St. Anthony Mary Claret
Autobiography

[St. Catherine received the following message from God in a vision.] They have arisen with servile fear from the vomit of mortal sin, but, if they do not arise with love of virtue, servile fear alone is not sufficient to give eternal life. But love with holy fear is sufficient, because the law is founded in love and holy fear. The old law was the law of fear, that was given by Me to Moses, by which law they who committed sin suffered the penalty of it. The new law is the law of love, given by the Word of My only-begotten Son, and is founded in love alone. The new law does not break the old law, but rather fulfills it, as said My Truth, ‘I come not to destroy the law, but to fulfill it.’ And he united the law of fear with that of love. Through love was taken away the imperfection of the fear of the penalty, and the perfection of holy fear remained, that is, the fear of offending, not on account of one’s own damnation, but of offending Me, who am Supreme Good.
St. Catherine of Siena
The Dialogues

1All biblical passages quoted in this tract are from the New American Standard Bible (NASB).

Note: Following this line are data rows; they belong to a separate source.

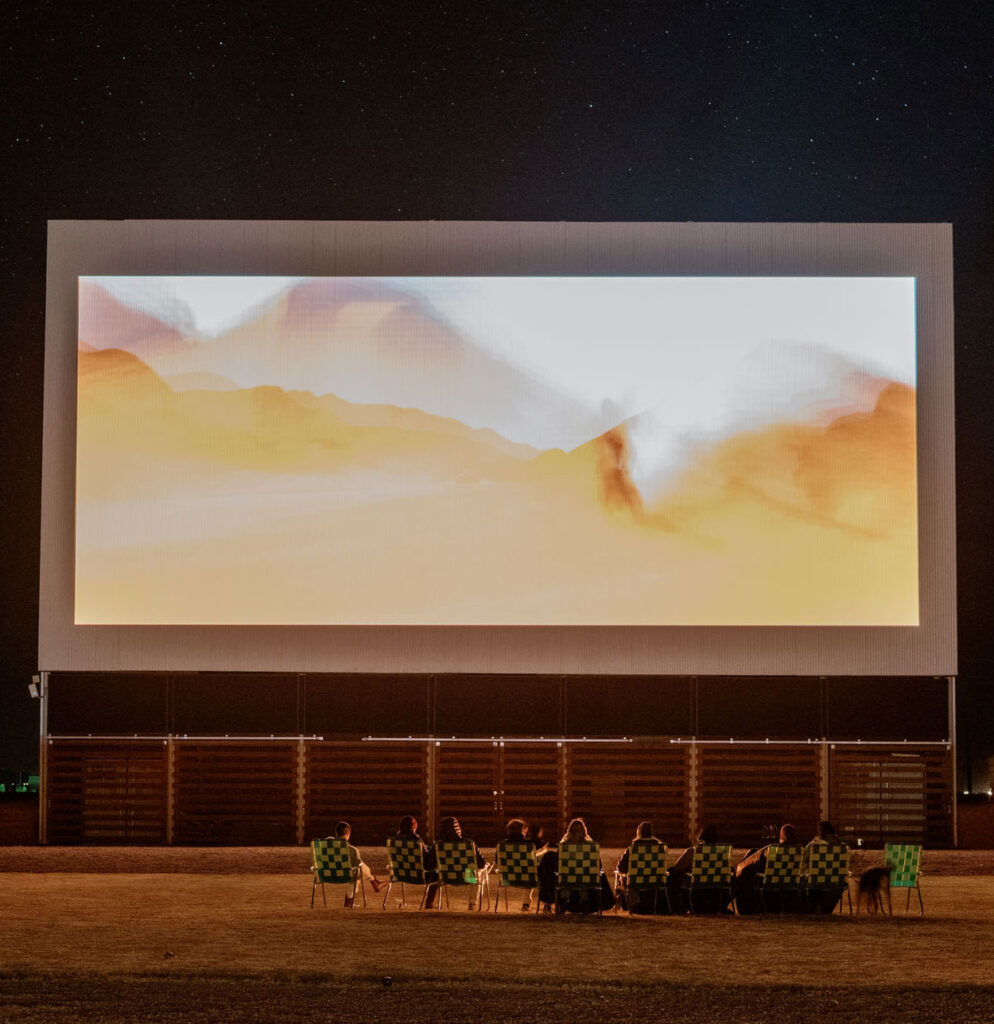 Group of people sitting in folder chairs on the lawn watching a movie on a big drive-in movie theater screen.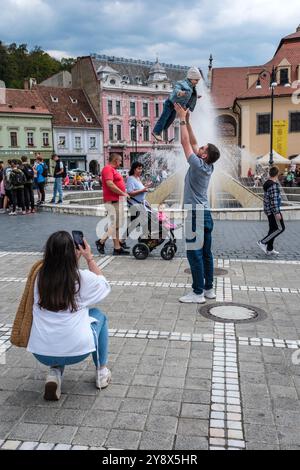 Une famille prenant des photos sur la place du Conseil (Piața Sfatului), Brașov, Transylvanie, Roumanie Banque D'Images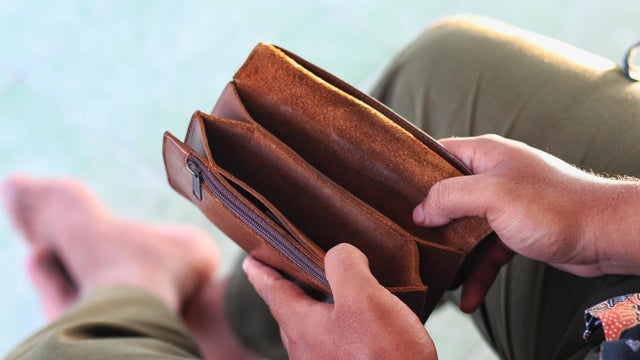 Poor people go bankrupt, empty wallet (no money) 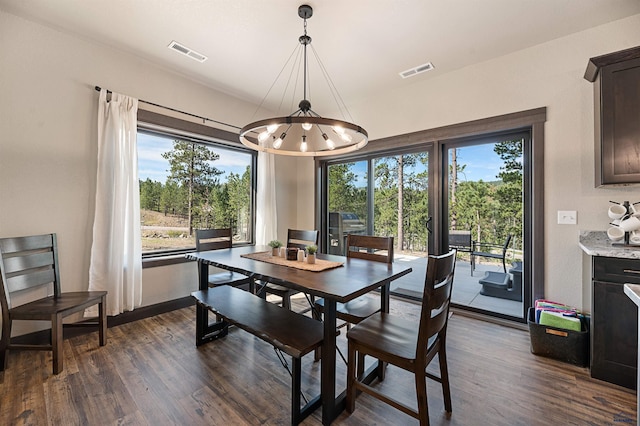 dining space featuring a wealth of natural light, a chandelier, and dark hardwood / wood-style floors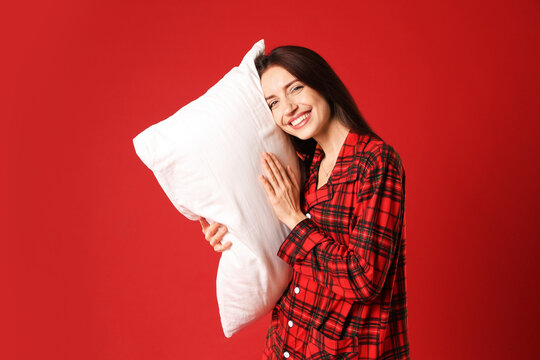 Happy woman in stylish pyjamas with pillow on red background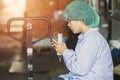Asian Burmese young woman labor worker sit and relax, playing cell phones, waiting for work shifts in food hygiene factory Royalty Free Stock Photo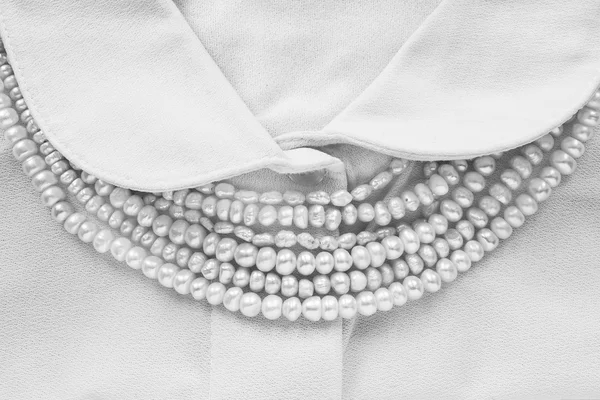 Pearl on blouse — Stock Photo, Image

The NASB was translated by a Protestant group, and it is the most literal widely published translation.
2Some proselytes (Greek word proselutos) heard the apostles speak in tongues after Pentecost (Acts 2:10), Nicolas, a proselyte from Antioch, was appointed as a steward of charitable donations (Acts 6:5), and some devout proselytes followed Paul and Barnabas in order to listen to their preaching (Acts 13:43). The term God-fearer or the Greek terms theosebeis (worshipers of God), phoboumenoi (fearers [of God]), and sebomenoi (worshipers [of God]) appear more frequently. A partial list of the appearances of God-fearers in the New Testament include: Peter was sent to the God-fearer Cornelius when he first received the call to preach to the gentiles (Acts 10:2,22,35), Paul addressed his message to the Jews and the Men who fear God in Antioch of Pisidia (Acts 13:16,26), a number of God-fearing Greeks were converted in Thessalonica (Acts 17:4), and the roman centurion who had built a synagogue for the Jews and asked Jesus to heal his servant was probably a God fearer (Luke 7:1-10).
3Everett Ferguson agrees with this distinction and discusses supporting evidence in his textbook Backgrounds of Christianity published by WM. B. Eerdmans in 1993 (2nd Edition).